▸ What needs to be done: Exact transcript, pictures excluded: write out every record below.

[Records — start]

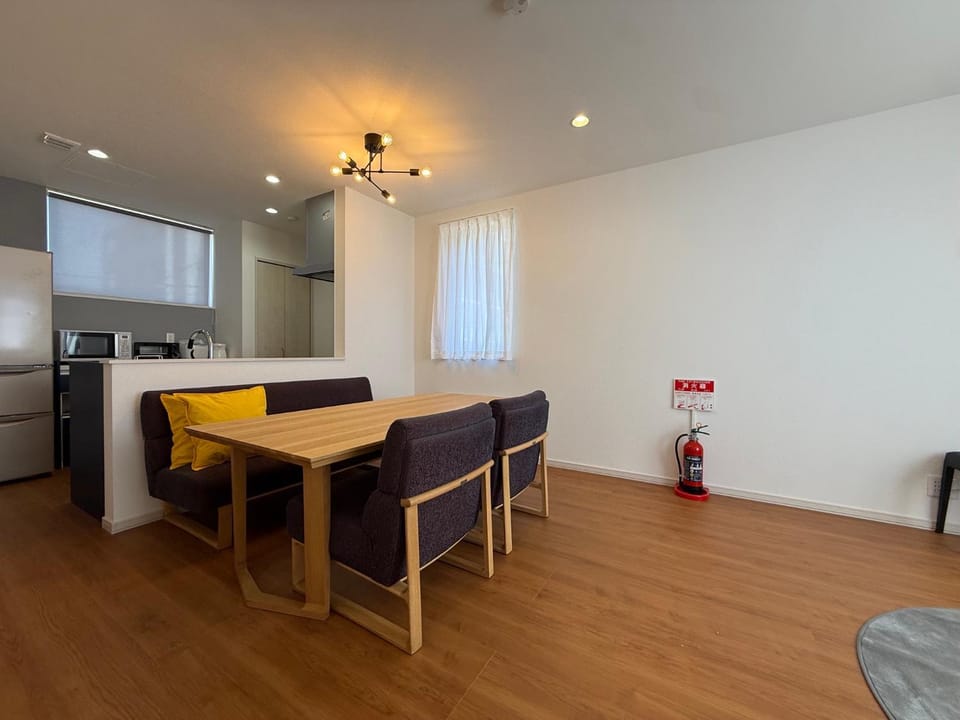 3-4希少札幌中心エリアの新築100平米超の戸建ての最大8名宿泊可能 Apartment in Sapporo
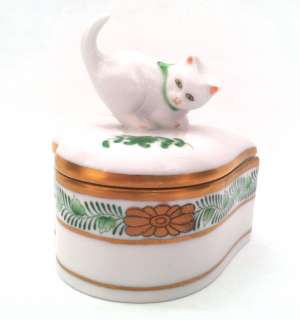 Herend Hungary Hand Painted Porcelain Trinket Box with Cat or Kitten 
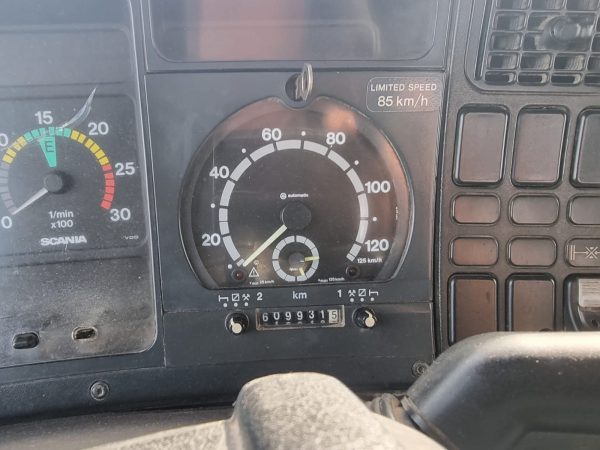 Scania 94L - Image 15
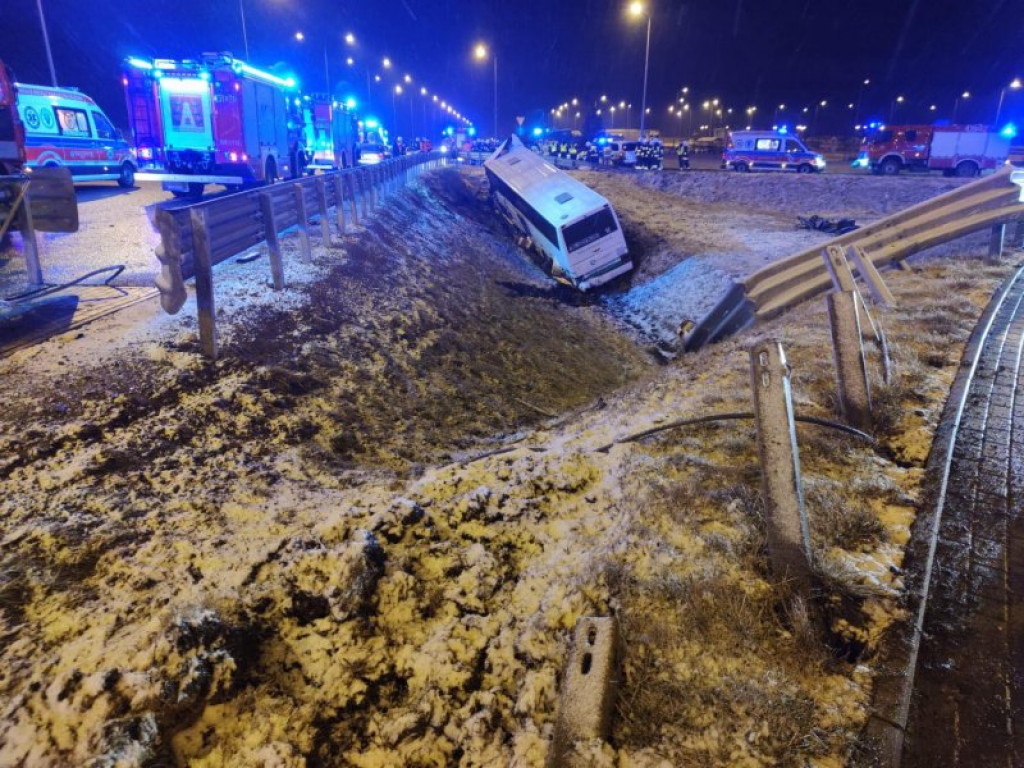 Podkarpacie. Tragedia na autostradzie A4, autokar wpadł do rowu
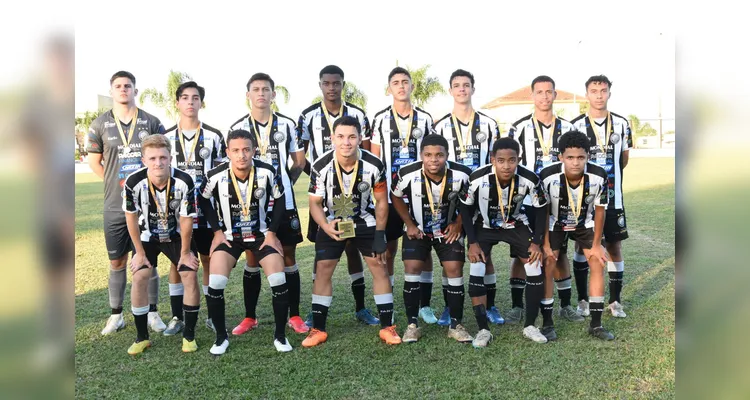 A equipe se classificou para a Fase Macrorregional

[Records — finish]

▸ The answer:
 3-4希少札幌中心エリアの新築100平米超の戸建ての最大8名宿泊可能 Apartment in Sapporo
 Herend Hungary Hand Painted Porcelain Trinket Box with Cat or Kitten 
 Scania 94L - Image 15
 Podkarpacie. Tragedia na autostradzie A4, autokar wpadł do rowu
 A equipe se classificou para a Fase Macrorregional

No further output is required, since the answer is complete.